保有事業の一部であるブーツやNo7ビューティー・カンパニーの売却が検討されていましたが、2022年の予想外の金融市場の変化を受け、各事業の潜在価値を適切に反映した買収提案が無かったため、この売却は見直されました。
なお、この両事業の業績は力強いとされており、保持という決定の後押しになっています。
一方、卸子会社であるアライアンス・ヘルスケアは、大手医薬品卸業のアメリソースバーゲン(AB)へと売却済みです。

また、ウォルグリーン・ブーツ・アライアンスは45年増配を続けており、高配当株としても有名です。

1-3. チャート

ウォルグリーン・ブーツ・アライアンスの株価チャートです。
2015年の夏頃から株価は上下しつつ下降傾向となっています。
2020年11月からは上昇し50ドル台をキープしていましたが、2022年に入ってからは下落が続いています(2022年9月14日時点)

2. 決算書(10-K)の分析

2-1. 経営の安全性(資金繰り)

  • 流動負債が流動資産を超える
  • 自己資本比率は29%
  • キャッシュフローは安定した黒字

2-1-1. 流動資産・固定資産に関する比率

WBA貸借バランス_2021

(単位:百万ドル)

貸借バランスは”不安タイプ”です。

流動資産を流動負債が上回っている状況が何年も続いています。
財務上はあまり好ましくありませんが、後述するキャッシュフローには問題がないため、許容範囲内と判断します。

2-1-2. 資本の比率

自己資本比率は約29%です。
高い数値ではありませんが、最低ラインは十分超えています。

2-1-3. キャッシュフロー

営業活動がプラス、投資活動がプラス、財務活動がマイナスという組み合わせで、フリーキャッシュフローはプラスです。

事業から利益を生み出せており、更に減価償却費などキャッシュ面でプラスになる調整(現金の移動を伴わない費用)も大きいため、営業活動によるキャッシュフローは十分なプラス収支となっています。

一方投資活動ではマイナス収支が続いていましたが、2021年度(8月決算)は事業の売却(卸子会社の売却など)を行ったため、プラス収支になりました。

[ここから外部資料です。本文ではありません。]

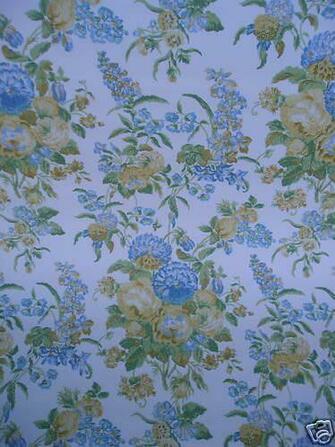 Wallpaper Waverly Discontinued Blue Yellow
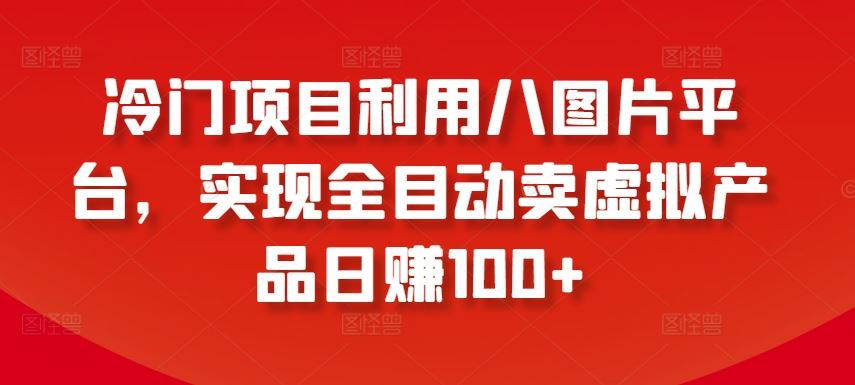 冷门项目利用八图片平台，实现全目动卖虚拟产品日赚100+【揭秘】-玖哥网创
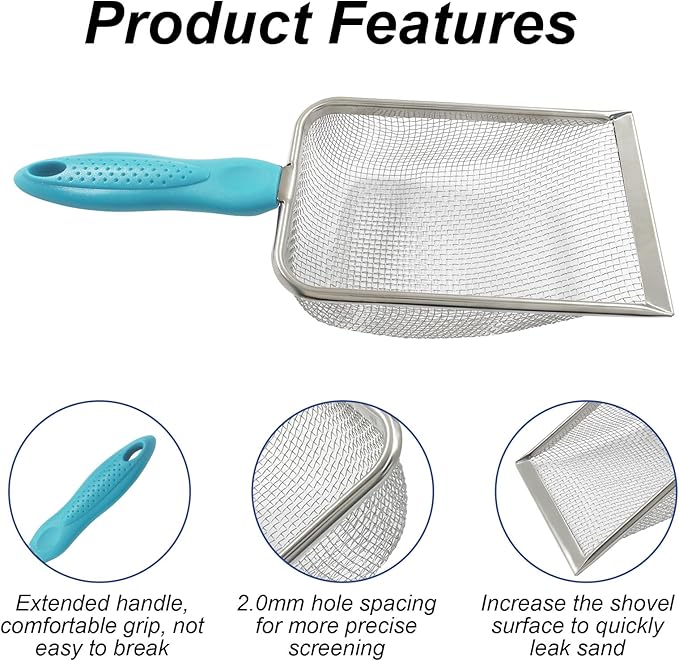 Murtenze Stainless Steel Cat Litter Scoop, Non-Stick Coated Metal Fine Sand Litter Scoop, Mesh Shovel for Reptile Kitten Pooper (Blue, 2mm mesh)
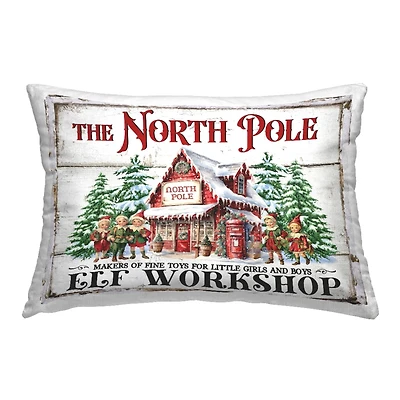 14" x 20" Stupell Industries North Pole Workshop Indoor Pillow By Creatif Belle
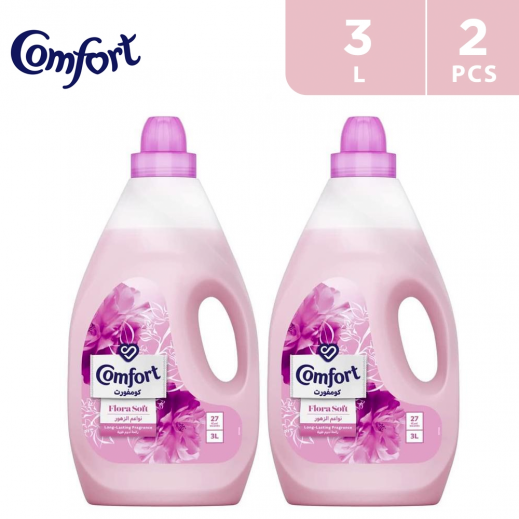 Comfort Flora Soft Pink Fabric Softener 2x3 L - delivered by Taw9eel Fast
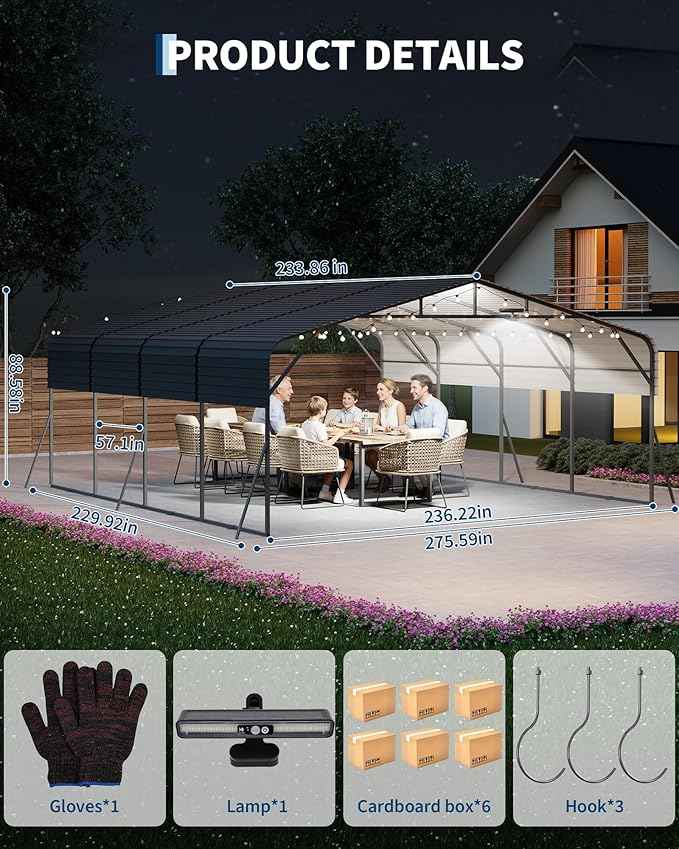 20x20FT Heavy Duty Metal Carport for 2 Cars, Outdoor Portable Car Garage w/Led Light,Reinforced Base and Galvanized Steel Roof, Outdoor Car Port Canopy Shelter for Boats, Full-Sized Pickup Trucks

財務活動では負債による収入・支出が大きな割合を占めている他、配当金の支払いに毎年16億ドル前後を使用しています。

2-1-4. 項目まとめ

買掛金(2021年度は流動負債の約半分を占める)をはじめとして流動負債が大きく、流動比率・当座比率という面では好ましくありません。
しかし、ウォルグリーンのブランドへの信用、キャッシュフロー面での安定感があるため、すぐに問題が発生することはなさそうです。

2-2. 収益性

  • ここ数年ではROE・ROA低下気味
  • 2020年度は新型コロナによる打撃アリ
  • 2021年度はコロナ前の水準に届かず

2-2-1. ROE(自己資本利益率)

WBAのROE(自己資本利益率)推移_2021

ROEは低下気味です。
特に2020年度は新型コロナ感染拡大の影響もあって利益が大きく減少したため、ROEはかなり低下しました。(売上は2019年度と大きく変わらず。2020年度は利益率の高い医薬品の販売が減少したと考えられる)

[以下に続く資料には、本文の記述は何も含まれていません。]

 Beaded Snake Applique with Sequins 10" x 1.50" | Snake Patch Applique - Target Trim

2021年度は売上こそ増加したものの、利益はコロナ前の水準に戻っていません。

なお、ROEの計算に用いられる自己資本の連続的な増加もありません。(自己資本は毎年増減している)

2-2-2. ROA(総資産利益率)

WBAのROA(総資産利益率)推移_2021

ROAもROE同様に推移しています。
なお、負債の増加に伴い、2020年度から総資産が大きくなっています。

2-2-3. 項目まとめ

ここ数年を見るとROE・ROAは低下気味で、2021年度の数値は米国平均を下回っています。
ただ、コロナ前はもっと高い水準であったことを踏まえると、今後回復・上昇する可能性もあると考えられます。

2-3. 経営の効率

  • 総資本回転率は十分
  • 2021年度は回転率上昇

2-3-1. 各回転率

WBAの総資本回転率、固定資産回転率、棚卸資産回転率_2021

回転率は問題ありません。
また、2021年度は前年度よりも売上が増加し、資産が減少したため、回転率は上昇しています。

2-3-2. 項目まとめ

全体的に回転率は良好です。

2-4. 成長している・していく企業か

  • 2021年度は売上9%増加
  • 2020年度は利益大幅減。回復しきれず
  • 2022年度第3Qは和解金などで赤字
  • 2019年度頃から粗利率低下

2-4-1. 売上高と営業利益

WBAの売上高推移_2021

2021年度の売上は、前年度比約9%の増加です。
また、2018年度の実績を約1,000百万ドル(10億ドル)上回っています。
これには、新型コロナの検査・ワクチンが好調に推移したことも影響しました。

なお、2022年度第3Q(記事作成時点の最新決算。2022年3月~5月期)の売上は前年同期比4%減少したものの、第1Q~第3Qの9ヶ月間の合計は前年同期比2%増加しています。
ただ、新型コロナ関連の売上は失速しているようです。

WBAの営業利益(損失)推移_2021

売上高がV字回復を見せたのに対し、近年の営業利益は減少気味です。
特に2020年度は新型コロナ感染拡大の影響、のれんや資産の減損処理で利益面が悪化し、2021年度もまだ元の水準まで回復しきれていないことが伺えます。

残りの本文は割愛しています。